#### Input data:

---------------

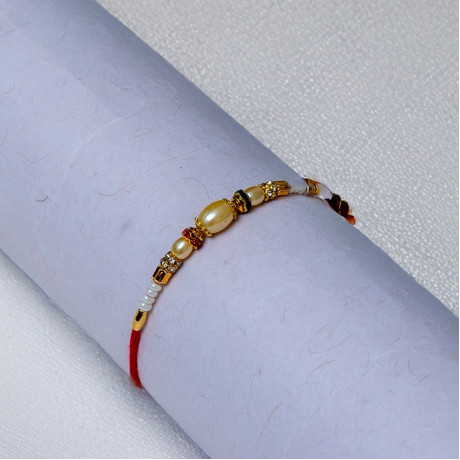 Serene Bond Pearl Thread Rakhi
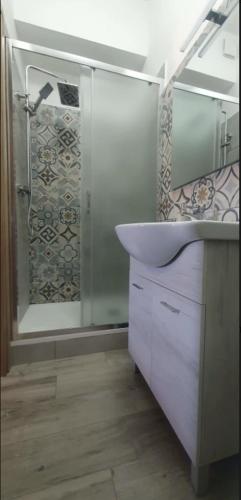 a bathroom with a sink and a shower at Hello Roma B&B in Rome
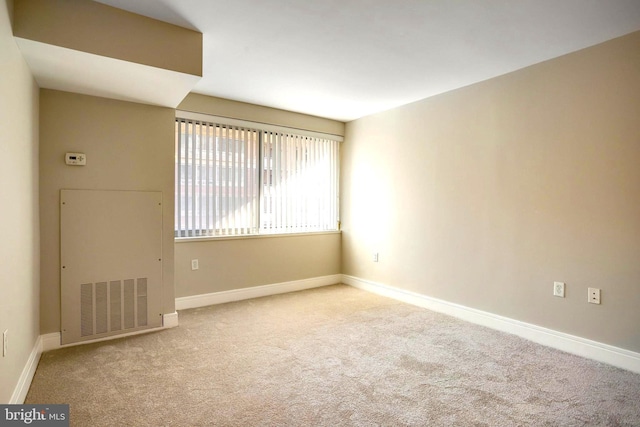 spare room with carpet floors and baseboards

---------------

#### Task to complete:
Before handing back the copy, remove the pictures; otherwise print the data exactly.

#### Output below:
 Serene Bond Pearl Thread Rakhi
 a bathroom with a sink and a shower at Hello Roma B&B in Rome
 spare room with carpet floors and baseboards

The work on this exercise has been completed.